What is Denmark’s life expectancy? Is the population growing or declining? How many people are married when they have kids? What are prices like compared with other countries? We take a look at the latest figures from Denmark's national statistics office to show you today's Denmark in numbers.

The 15 stats you need to understand Denmark today
Højbro Plads, Copenhagen in August 2017. Photo: Mads Claus Rasmussen / Ritzau Scanpix

Denmark’s population is expected to reach 6 million by 2026

The latest population projection, released at the beginning of this year, shows an expected population increase of 4.6 percent – or 268,000 people – by 2030, taking the total number of people in the country over 6 million by 2026. The population reached 5.8 million in late 2018.

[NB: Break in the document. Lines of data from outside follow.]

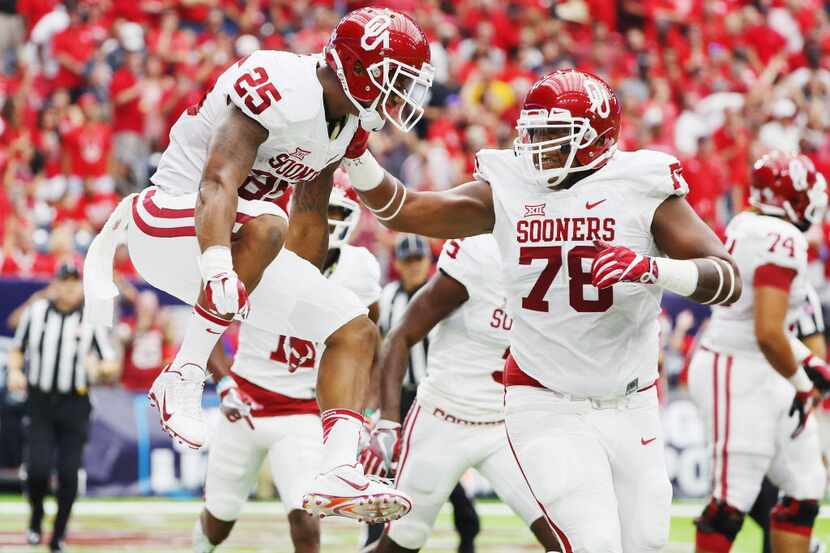 HOUSTON, TX - SEPTEMBER 03:  Joe Mixon #25 of the Oklahoma Sooners celebrates after scoring...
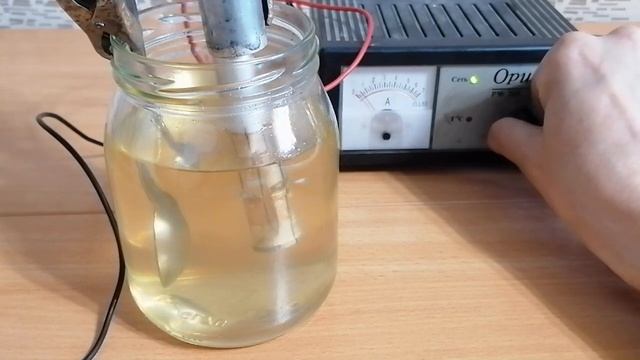 Снятие серебра электролизом.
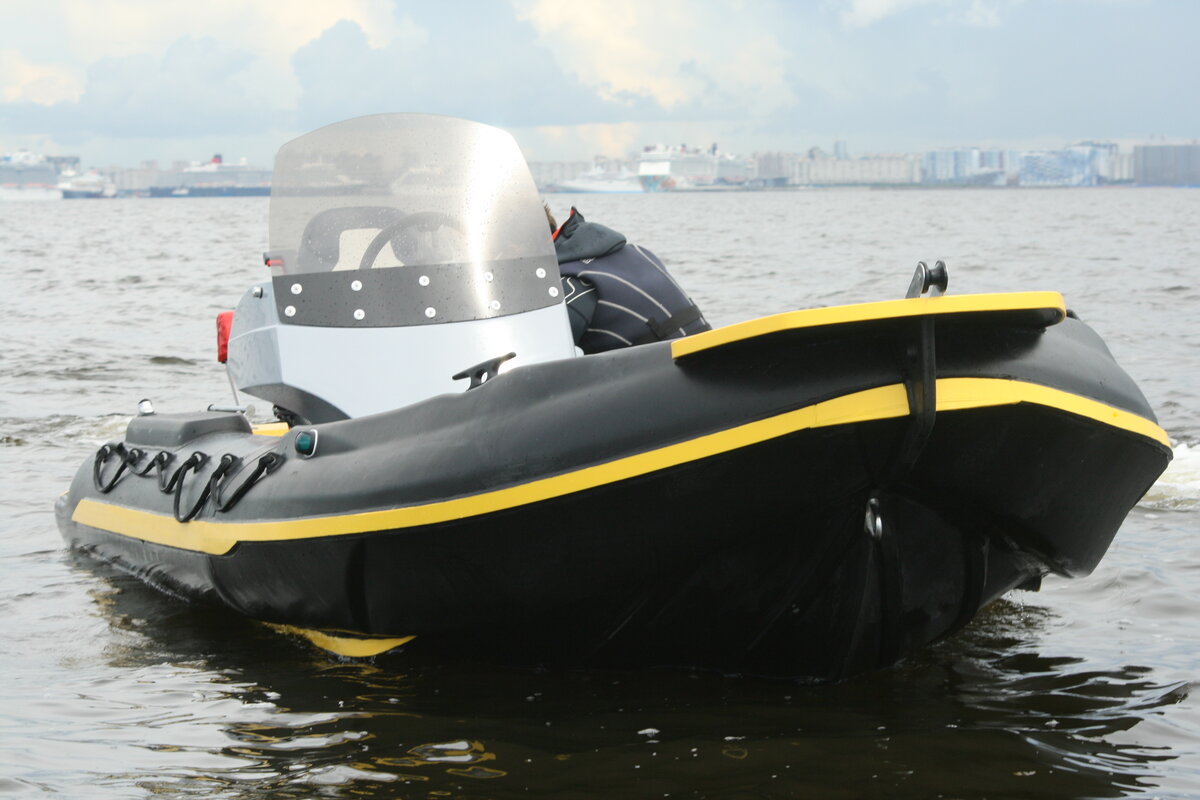 Кому-то может показаться, что баллоны у этой лодки надувные, как у классического риба. Но это не так. Она полностью сделана из HDPE, за исключением консоли.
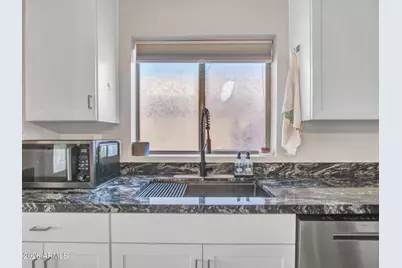 11480 W Austin Thomas Drive, Surprise, AZ 85378 - Photo 11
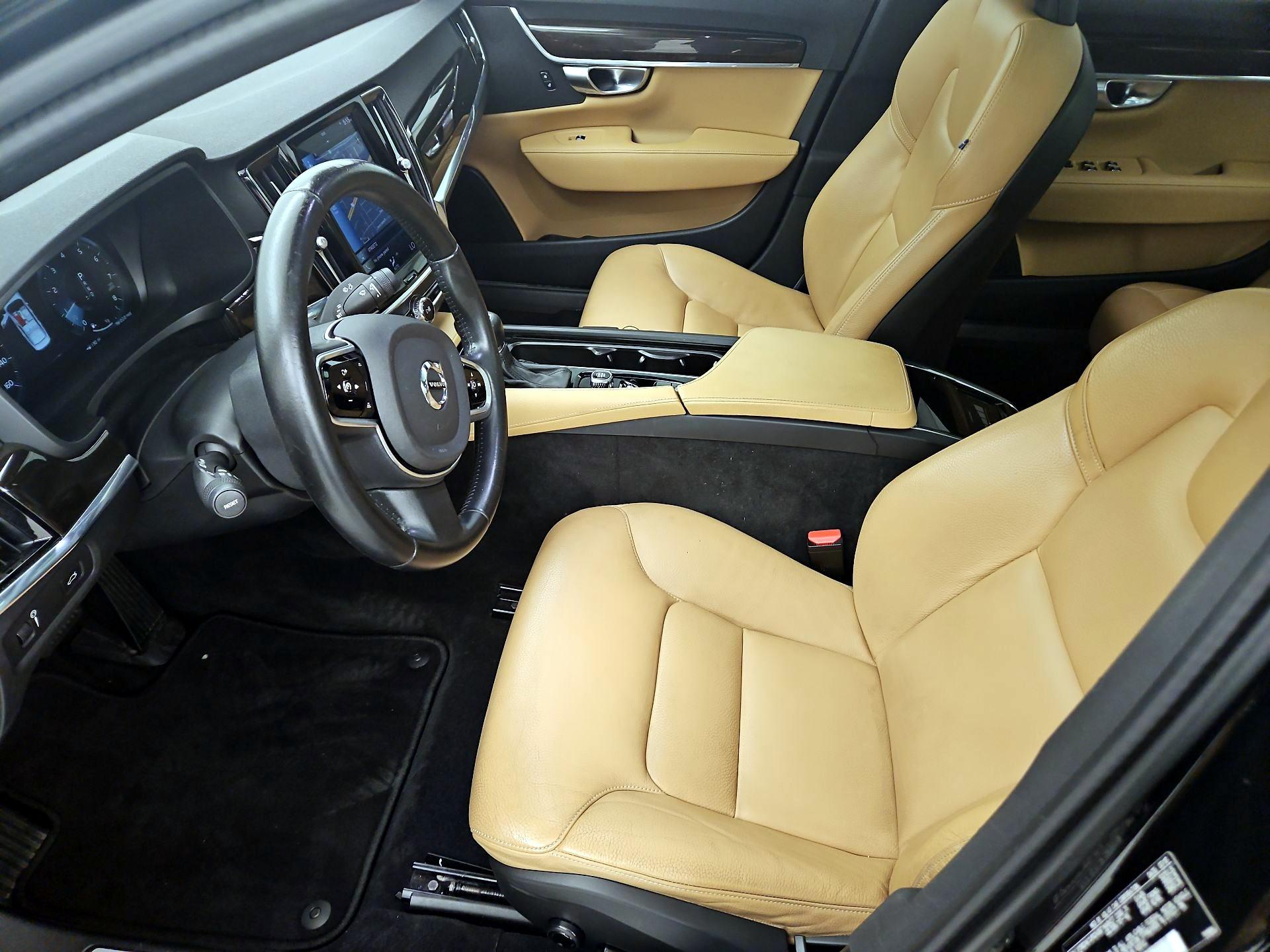 Thumbnail: 2018 Volvo S90 - 11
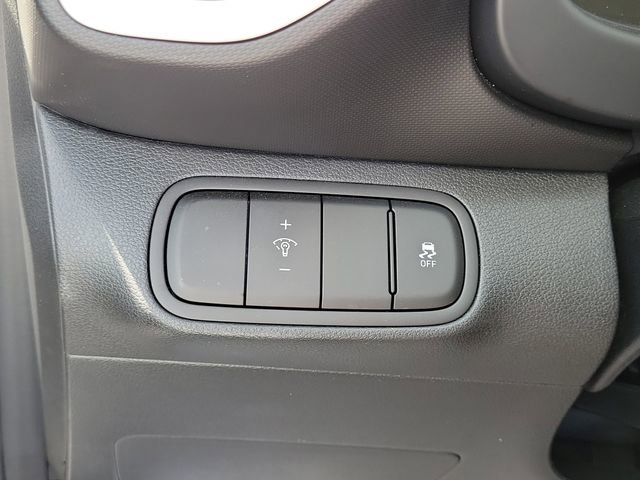 Used 2025 Hyundai Venue Limited FWD image 29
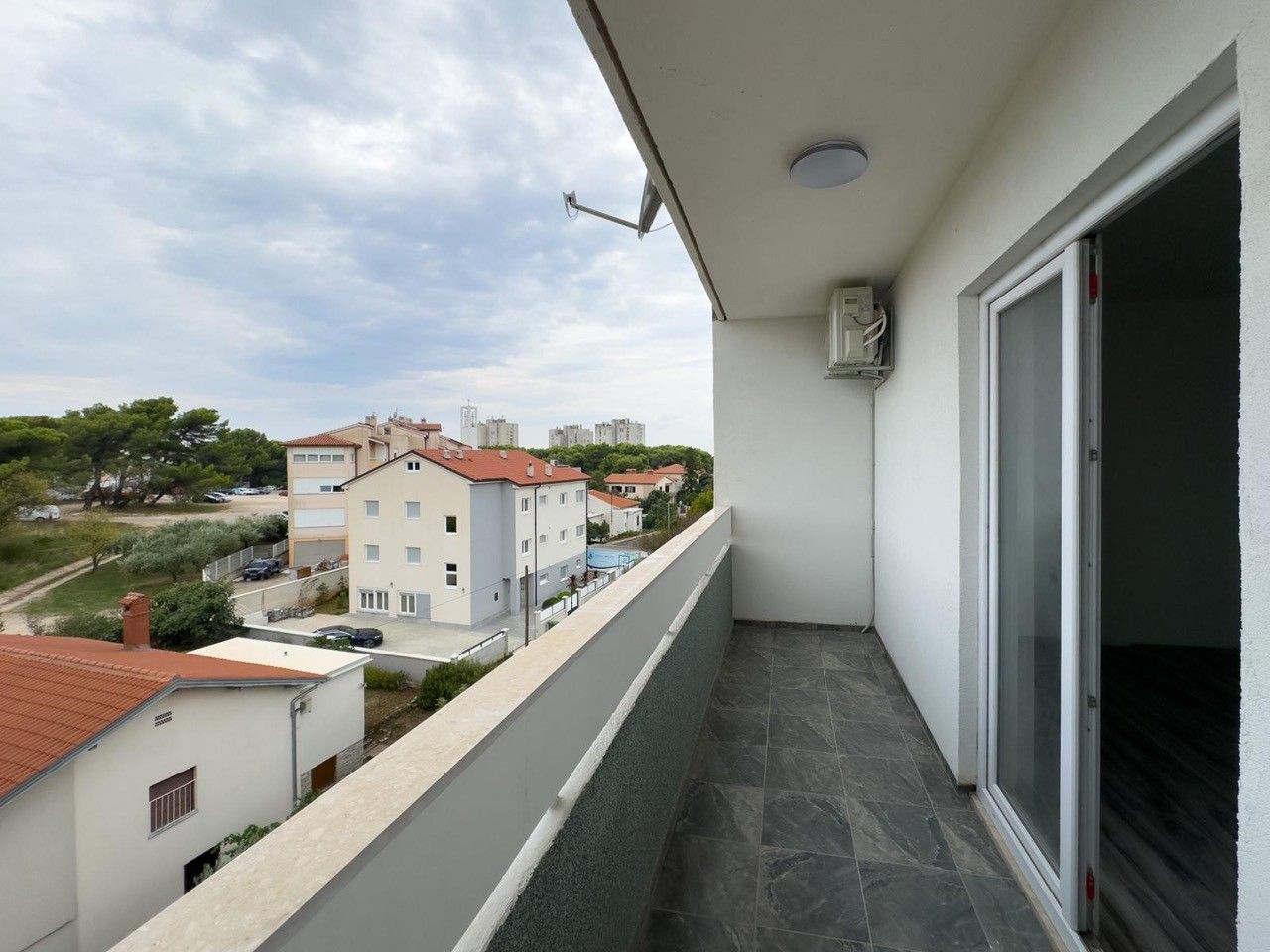 Flat in Pula, Croatia, 59.26 m² - picture 1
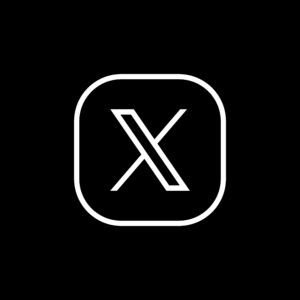 X投稿しています！今日は「世界アマチュア無線の日」トランシーバーの紹介です★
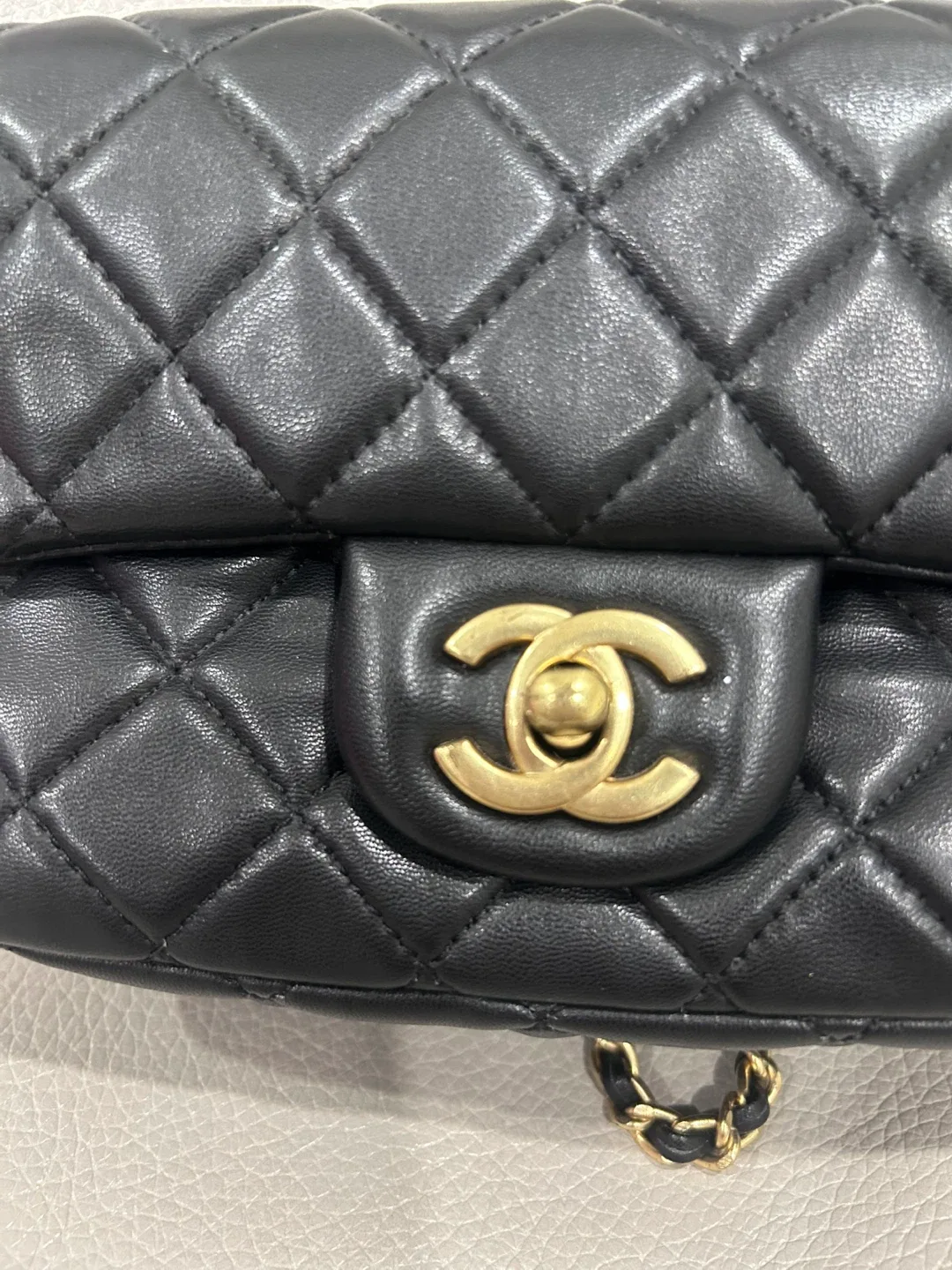 Chanel Black Mini Flap Bag image indicator(7)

But populations in small towns and rural areas are declining

Most small towns and rural districts – defined as those with 2,000 residents or less – saw populations shrink by up to 5 percent between 2010 and January 1st this year.


Vesterbro in Copenhagen is the most highly populated parish in the country

Vesterbro, a trendy district of Copenhagen known for its nightlife and restaurants in areas such as Kødbyen/the Meatpacking District – but also for gentrification – is the most heavily-populated parish in Denmark.

45,576 people lived in the parish in January 2019, over 15,000 more than in second-placed Islands Brygge, on the other side of Copenhagen Harbour.

A packed Vesterbro during the Distortion festival. Photo: Ida Marie Odgaard / Ritzau Scanpix

Asylum seeker numbers were stable in 2018

2018 saw 3,559 people apply for permission to stay in Denmark as refugees, a figure very similar to the 3,500 registered in 2017. In 2015, the year in which Europe’s refugee and migration crisis peaked, 21,315 people applied for asylum in Denmark – of which 11,539 came in the final three months of the year.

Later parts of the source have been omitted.